Global Sources of Fine Particulate Matter: Interpretation of PM2.5 Chemical Composition Observed by SPARTAN using a Global Chemical Transport Model

Crystal L. Weagle, Dalhousie University
Nofel Lagrosas, Ateneo de Manila University
39 co-authors, various institutions


Exposure to ambient fine particulate matter (PM2.5) is a leading risk factor for the global burden of disease. However, uncertainty remains about PM2.5 sources. We use a global chemical transport model (GEOS-Chem) simulation for 2014, constrained by satellite-based estimates of PM2.5 to interpret globally dispersed PM2.5 mass and composition measurements from the ground-based surface particulate matter network (SPARTAN). Measured site mean PM2.5 composition varies substantially for secondary inorganic aerosols (2.4–19.7 μg/m3), mineral dust (1.9–14.7 μg/m3), residual/organic matter (2.1–40.2 μg/m3), and black carbon (1.0–7.3 μg/m3).

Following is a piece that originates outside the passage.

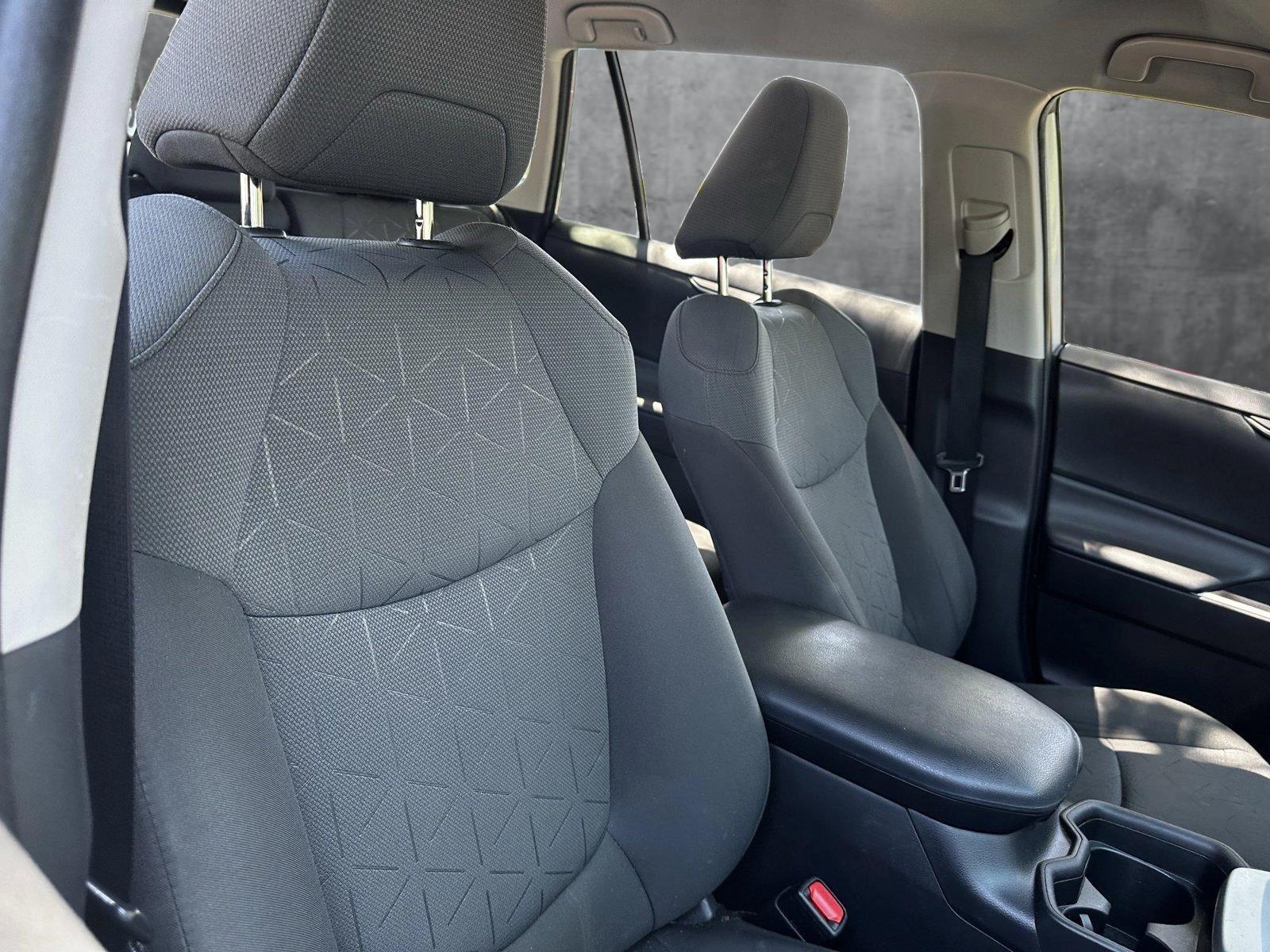 2021 Toyota RAV4 Vehicle Photo in Hollywood, FL 33021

Interpretation of these measurements with the GEOS-Chem model yields insight into sources affecting each site. Globally, combustion sectors such as residential energy use (7.9 μg/m3), industry (6.5 μg/m3), and power generation (5.6 μg/m3) are leading sources of outdoor global population-weighted PM2.5 concentrations. Global population-weighted organic mass is driven by the residential energy sector (64%) whereas population-weighted secondary inorganic concentrations arise primarily from industry (33%) and power generation (32%). Simulation-measurement biases for ammonium nitrate and dust identify uncertainty in agricultural and crustal sources. Interpretation of initial PM2.5 mass and composition measurements from SPARTAN with the GEOS-Chem model constrained by satellite-based PM2.5 provides insight into sources and processes that influence the global spatial variation in PM2.5 composition.